WHAT TO WORK ON: Return the data given below exactly as it appears.

DATA SECTION:
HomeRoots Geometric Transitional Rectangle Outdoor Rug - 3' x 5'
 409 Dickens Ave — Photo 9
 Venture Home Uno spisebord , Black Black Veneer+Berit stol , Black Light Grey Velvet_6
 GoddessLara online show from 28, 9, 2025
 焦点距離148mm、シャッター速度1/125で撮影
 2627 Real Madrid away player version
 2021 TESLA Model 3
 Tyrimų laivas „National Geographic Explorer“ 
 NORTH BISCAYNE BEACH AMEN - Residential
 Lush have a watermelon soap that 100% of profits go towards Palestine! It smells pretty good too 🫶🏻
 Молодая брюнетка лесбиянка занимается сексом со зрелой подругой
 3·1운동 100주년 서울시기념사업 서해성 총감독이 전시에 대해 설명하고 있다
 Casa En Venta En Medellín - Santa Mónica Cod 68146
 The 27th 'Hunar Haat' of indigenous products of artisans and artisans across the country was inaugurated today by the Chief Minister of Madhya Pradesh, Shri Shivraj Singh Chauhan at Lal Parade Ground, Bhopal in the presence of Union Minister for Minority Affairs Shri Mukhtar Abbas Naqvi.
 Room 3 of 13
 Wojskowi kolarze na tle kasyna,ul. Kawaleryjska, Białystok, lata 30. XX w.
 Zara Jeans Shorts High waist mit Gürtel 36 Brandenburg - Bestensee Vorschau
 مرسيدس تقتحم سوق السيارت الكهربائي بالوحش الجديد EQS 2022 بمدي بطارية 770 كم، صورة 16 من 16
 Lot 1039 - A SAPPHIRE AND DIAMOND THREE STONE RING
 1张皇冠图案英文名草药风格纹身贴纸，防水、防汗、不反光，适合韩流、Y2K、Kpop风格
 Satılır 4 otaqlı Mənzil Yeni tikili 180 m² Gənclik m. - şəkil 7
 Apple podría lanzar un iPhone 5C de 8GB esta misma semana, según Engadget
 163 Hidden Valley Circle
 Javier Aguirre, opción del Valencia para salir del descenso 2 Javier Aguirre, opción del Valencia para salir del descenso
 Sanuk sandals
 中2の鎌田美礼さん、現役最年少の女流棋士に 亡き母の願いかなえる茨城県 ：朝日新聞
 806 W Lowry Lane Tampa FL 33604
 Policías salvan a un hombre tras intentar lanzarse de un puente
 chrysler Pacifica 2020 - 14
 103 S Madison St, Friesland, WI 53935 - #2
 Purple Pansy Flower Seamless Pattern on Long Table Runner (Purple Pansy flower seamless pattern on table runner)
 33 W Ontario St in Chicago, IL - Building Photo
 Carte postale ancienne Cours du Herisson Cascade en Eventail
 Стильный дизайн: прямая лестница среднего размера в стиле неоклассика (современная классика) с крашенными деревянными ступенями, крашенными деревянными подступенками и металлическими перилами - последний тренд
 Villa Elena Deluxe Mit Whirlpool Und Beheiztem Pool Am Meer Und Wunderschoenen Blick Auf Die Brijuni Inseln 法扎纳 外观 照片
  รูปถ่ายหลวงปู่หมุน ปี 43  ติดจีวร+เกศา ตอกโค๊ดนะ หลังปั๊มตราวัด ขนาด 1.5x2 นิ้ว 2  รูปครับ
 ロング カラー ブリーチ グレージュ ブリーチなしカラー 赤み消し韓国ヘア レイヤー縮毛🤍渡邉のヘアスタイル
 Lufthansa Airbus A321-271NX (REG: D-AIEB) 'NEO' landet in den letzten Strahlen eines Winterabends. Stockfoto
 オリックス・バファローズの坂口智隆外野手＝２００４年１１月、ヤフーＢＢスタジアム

YOUR RESPONSE:
HomeRoots Geometric Transitional Rectangle Outdoor Rug - 3' x 5'
 409 Dickens Ave — Photo 9
 Venture Home Uno spisebord , Black Black Veneer+Berit stol , Black Light Grey Velvet_6
 GoddessLara online show from 28, 9, 2025
 焦点距離148mm、シャッター速度1/125で撮影
 2627 Real Madrid away player version
 2021 TESLA Model 3
 Tyrimų laivas „National Geographic Explorer“ 
 NORTH BISCAYNE BEACH AMEN - Residential
 Lush have a watermelon soap that 100% of profits go towards Palestine! It smells pretty good too 🫶🏻
 Молодая брюнетка лесбиянка занимается сексом со зрелой подругой
 3·1운동 100주년 서울시기념사업 서해성 총감독이 전시에 대해 설명하고 있다
 Casa En Venta En Medellín - Santa Mónica Cod 68146
 The 27th 'Hunar Haat' of indigenous products of artisans and artisans across the country was inaugurated today by the Chief Minister of Madhya Pradesh, Shri Shivraj Singh Chauhan at Lal Parade Ground, Bhopal in the presence of Union Minister for Minority Affairs Shri Mukhtar Abbas Naqvi.
 Room 3 of 13
 Wojskowi kolarze na tle kasyna,ul. Kawaleryjska, Białystok, lata 30. XX w.
 Zara Jeans Shorts High waist mit Gürtel 36 Brandenburg - Bestensee Vorschau
 مرسيدس تقتحم سوق السيارت الكهربائي بالوحش الجديد EQS 2022 بمدي بطارية 770 كم، صورة 16 من 16
 Lot 1039 - A SAPPHIRE AND DIAMOND THREE STONE RING
 1张皇冠图案英文名草药风格纹身贴纸，防水、防汗、不反光，适合韩流、Y2K、Kpop风格
 Satılır 4 otaqlı Mənzil Yeni tikili 180 m² Gənclik m. - şəkil 7
 Apple podría lanzar un iPhone 5C de 8GB esta misma semana, según Engadget
 163 Hidden Valley Circle
 Javier Aguirre, opción del Valencia para salir del descenso 2 Javier Aguirre, opción del Valencia para salir del descenso
 Sanuk sandals
 中2の鎌田美礼さん、現役最年少の女流棋士に 亡き母の願いかなえる茨城県 ：朝日新聞
 806 W Lowry Lane Tampa FL 33604
 Policías salvan a un hombre tras intentar lanzarse de un puente
 chrysler Pacifica 2020 - 14
 103 S Madison St, Friesland, WI 53935 - #2
 Purple Pansy Flower Seamless Pattern on Long Table Runner (Purple Pansy flower seamless pattern on table runner)
 33 W Ontario St in Chicago, IL - Building Photo
 Carte postale ancienne Cours du Herisson Cascade en Eventail
 Стильный дизайн: прямая лестница среднего размера в стиле неоклассика (современная классика) с крашенными деревянными ступенями, крашенными деревянными подступенками и металлическими перилами - последний тренд
 Villa Elena Deluxe Mit Whirlpool Und Beheiztem Pool Am Meer Und Wunderschoenen Blick Auf Die Brijuni Inseln 法扎纳 外观 照片
  รูปถ่ายหลวงปู่หมุน ปี 43  ติดจีวร+เกศา ตอกโค๊ดนะ หลังปั๊มตราวัด ขนาด 1.5x2 นิ้ว 2  รูปครับ
 ロング カラー ブリーチ グレージュ ブリーチなしカラー 赤み消し韓国ヘア レイヤー縮毛🤍渡邉のヘアスタイル
 Lufthansa Airbus A321-271NX (REG: D-AIEB) 'NEO' landet in den letzten Strahlen eines Winterabends. Stockfoto
 オリックス・バファローズの坂口智隆外野手＝２００４年１１月、ヤフーＢＢスタジアム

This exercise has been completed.